Studies have looked at rearing, disease-handling and marking techniques, age at maturity and other factors.
"All of our salmon studies are done in conjunction with facilities like Strawberry Creek," said Peeters. "Because the fish come right back to us."
In recent years, low water levels in Lake Michigan made it difficult for chinooks to swim up Strawberry Creek. Peeters devised a diversion system that pumps water via a plastic pipe from the Sturgeon Bay Ship Canal a quarter mile away and dumps it into the creek just above the facility at a rate of 1200 to 1500 cubic feet per second. This increased flow draws salmon upstream. Together with an aeration system, it supplies oxygen to the fish in the holding pond and helps flush waste out of the pond, keeping up to 1,000 mature salmon healthy until they can be processed.
"At the peak of the run, we sometimes get several hundred to 1,000 salmon in one night, so we may process fish three or four days in a row," Peeters said.

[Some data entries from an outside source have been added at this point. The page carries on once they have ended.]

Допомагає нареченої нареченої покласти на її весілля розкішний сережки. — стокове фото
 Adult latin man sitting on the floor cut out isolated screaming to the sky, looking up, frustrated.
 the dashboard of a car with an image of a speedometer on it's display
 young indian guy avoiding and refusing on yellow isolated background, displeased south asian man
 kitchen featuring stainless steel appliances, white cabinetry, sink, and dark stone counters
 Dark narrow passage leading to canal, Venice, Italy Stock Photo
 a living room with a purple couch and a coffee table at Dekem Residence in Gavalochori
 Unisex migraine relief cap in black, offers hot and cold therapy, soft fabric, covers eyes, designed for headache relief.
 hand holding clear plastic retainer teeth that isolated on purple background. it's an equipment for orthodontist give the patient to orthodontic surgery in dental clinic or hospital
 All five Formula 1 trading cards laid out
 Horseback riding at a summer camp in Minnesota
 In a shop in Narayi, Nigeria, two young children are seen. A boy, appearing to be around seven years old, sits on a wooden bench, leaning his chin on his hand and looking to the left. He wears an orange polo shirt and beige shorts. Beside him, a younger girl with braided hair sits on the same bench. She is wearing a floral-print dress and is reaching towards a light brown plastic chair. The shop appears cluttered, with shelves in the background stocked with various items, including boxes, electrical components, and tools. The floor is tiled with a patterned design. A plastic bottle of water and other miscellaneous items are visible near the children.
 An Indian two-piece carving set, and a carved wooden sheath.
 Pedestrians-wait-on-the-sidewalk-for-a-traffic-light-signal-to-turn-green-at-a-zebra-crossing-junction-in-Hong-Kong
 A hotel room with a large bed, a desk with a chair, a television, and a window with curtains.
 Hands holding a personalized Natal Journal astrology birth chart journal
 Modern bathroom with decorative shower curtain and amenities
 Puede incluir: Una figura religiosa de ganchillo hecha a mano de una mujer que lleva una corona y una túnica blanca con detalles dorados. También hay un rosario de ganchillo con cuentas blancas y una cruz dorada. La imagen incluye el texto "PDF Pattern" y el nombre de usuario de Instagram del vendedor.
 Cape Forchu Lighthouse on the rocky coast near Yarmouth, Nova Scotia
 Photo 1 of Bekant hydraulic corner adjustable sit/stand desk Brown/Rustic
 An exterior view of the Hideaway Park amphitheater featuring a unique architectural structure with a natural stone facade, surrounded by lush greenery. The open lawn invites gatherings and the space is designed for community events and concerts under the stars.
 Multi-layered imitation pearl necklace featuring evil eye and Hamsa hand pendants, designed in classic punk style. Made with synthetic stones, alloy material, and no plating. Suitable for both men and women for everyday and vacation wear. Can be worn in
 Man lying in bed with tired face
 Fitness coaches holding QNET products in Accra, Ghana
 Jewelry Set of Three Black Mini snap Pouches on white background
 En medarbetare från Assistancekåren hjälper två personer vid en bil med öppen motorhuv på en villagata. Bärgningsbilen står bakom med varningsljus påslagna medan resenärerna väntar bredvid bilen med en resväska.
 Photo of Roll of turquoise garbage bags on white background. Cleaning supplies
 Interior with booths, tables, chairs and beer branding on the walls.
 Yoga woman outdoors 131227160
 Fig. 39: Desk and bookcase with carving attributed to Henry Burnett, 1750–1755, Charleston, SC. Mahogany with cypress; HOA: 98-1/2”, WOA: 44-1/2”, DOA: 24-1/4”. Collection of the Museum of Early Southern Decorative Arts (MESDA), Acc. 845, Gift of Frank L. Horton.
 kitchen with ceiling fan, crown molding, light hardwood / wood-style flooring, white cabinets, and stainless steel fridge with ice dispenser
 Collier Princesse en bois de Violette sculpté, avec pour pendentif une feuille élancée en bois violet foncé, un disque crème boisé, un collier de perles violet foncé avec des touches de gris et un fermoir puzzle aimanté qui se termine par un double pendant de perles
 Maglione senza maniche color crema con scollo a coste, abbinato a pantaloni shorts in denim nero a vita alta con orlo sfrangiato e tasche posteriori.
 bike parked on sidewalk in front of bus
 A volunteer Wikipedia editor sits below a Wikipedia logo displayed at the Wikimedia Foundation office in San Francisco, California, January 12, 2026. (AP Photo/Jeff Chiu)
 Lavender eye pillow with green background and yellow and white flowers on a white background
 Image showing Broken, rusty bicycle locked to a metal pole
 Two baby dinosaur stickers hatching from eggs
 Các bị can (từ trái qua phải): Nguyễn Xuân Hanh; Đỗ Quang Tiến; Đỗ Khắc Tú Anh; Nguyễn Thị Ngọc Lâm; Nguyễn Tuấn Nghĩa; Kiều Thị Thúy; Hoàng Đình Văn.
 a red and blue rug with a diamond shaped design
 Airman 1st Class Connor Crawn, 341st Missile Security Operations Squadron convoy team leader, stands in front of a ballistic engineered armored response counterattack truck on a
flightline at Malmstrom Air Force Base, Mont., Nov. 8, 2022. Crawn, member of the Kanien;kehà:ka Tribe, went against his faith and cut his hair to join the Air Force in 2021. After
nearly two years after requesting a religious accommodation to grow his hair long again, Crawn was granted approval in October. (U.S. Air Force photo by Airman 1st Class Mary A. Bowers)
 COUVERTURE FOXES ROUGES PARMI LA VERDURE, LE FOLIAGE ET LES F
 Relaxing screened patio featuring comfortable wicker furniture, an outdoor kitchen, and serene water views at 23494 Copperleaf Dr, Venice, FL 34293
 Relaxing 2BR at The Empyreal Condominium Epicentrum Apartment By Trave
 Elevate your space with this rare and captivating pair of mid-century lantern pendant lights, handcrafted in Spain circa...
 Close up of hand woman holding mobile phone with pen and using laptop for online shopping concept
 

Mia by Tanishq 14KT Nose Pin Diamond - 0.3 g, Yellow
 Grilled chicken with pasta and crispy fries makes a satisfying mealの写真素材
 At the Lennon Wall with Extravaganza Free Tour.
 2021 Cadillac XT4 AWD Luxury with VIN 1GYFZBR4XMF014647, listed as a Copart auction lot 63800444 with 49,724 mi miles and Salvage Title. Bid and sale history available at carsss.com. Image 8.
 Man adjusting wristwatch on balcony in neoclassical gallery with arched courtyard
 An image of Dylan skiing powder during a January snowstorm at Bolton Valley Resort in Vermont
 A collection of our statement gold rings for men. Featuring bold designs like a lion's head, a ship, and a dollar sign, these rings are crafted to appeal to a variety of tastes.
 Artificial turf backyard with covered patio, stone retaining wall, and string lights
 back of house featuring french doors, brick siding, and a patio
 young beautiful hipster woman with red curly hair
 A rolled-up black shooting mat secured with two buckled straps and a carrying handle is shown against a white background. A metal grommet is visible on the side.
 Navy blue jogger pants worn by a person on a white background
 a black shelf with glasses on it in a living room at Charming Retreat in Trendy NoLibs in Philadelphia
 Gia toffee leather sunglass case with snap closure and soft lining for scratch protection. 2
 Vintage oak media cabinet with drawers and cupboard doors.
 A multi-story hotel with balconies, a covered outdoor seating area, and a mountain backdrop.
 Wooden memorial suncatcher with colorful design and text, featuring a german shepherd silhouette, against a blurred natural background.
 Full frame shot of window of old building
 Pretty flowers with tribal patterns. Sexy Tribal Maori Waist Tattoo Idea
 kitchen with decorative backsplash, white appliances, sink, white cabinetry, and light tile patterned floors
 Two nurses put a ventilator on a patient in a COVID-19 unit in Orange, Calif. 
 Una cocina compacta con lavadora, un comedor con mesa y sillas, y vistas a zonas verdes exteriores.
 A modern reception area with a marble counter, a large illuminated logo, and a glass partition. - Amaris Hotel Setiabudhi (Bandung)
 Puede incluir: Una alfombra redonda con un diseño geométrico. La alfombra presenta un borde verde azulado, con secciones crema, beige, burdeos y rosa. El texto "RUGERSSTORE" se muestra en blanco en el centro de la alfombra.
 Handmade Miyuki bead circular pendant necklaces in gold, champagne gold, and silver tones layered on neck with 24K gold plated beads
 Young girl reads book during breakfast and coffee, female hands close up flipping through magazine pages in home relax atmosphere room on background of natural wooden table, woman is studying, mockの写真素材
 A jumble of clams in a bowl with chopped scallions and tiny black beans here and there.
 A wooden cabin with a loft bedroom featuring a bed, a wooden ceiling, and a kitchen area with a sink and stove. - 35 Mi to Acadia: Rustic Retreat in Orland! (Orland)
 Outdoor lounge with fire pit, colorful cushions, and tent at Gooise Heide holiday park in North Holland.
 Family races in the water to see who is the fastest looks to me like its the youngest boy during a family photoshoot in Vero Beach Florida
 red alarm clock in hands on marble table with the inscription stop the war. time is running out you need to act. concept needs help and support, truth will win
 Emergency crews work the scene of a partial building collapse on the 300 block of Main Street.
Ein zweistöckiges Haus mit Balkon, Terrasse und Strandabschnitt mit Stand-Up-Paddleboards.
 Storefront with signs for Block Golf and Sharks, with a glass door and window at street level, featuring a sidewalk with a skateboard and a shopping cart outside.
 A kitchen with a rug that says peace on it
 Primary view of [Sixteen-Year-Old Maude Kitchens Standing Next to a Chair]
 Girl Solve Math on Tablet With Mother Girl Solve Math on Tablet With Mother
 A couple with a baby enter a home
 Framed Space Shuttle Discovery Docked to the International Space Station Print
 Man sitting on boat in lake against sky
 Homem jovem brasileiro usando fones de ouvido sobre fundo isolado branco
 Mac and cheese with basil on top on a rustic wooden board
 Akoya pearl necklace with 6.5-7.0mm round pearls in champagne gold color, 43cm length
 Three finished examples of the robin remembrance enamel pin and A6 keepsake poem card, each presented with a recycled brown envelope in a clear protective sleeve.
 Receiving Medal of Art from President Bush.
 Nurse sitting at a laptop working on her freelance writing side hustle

A day at the facility is a bit like a cattle drive. Using a movable screen, technicians crowd the salmon to one end of the pond, where a hydraulic basket lifts them up to a table. There, the fish are put into a tank of water pumped full of carbon dioxide, which knocks them out. The fish are then slid one at a time down a chute to the processing table, where they are measured, sexed and examined for ripeness. They are then passed on to the hatchery or bait-company crews or sorted into the food-pantry or fertilizer bins.
"We process an average of 5 or 6,000 chinooks per year," Peeters said. "We gather in excess of 3 million eggs, which are turned into 1.5 to 2 million fingerlings for stocking in Lake Michigan each year. In 2002, we handled over 11,000 salmon here, and that was a record. That year, we sold 14 tons of surplus eggs for bait."
The chinook salmon program is funded by Great Lakes trout and salmon stamp sales, so it will continue as long as anglers buy the stamps. DNR budget cuts may indirectly affect the program, however. The Wild Rose hatchery is in need of repair, for instance, and fisheries positions have been cut.
"If we want to have salmon for sport fishing and to control alewives, we need to continue to stock them," Peeters said. "That's what this program is all about."
Wisconsin's chinook salmon program has come a long way from its humble beginnings in 1969, but the little creek in Door County where it all started is still the the pipeline that keeps it going.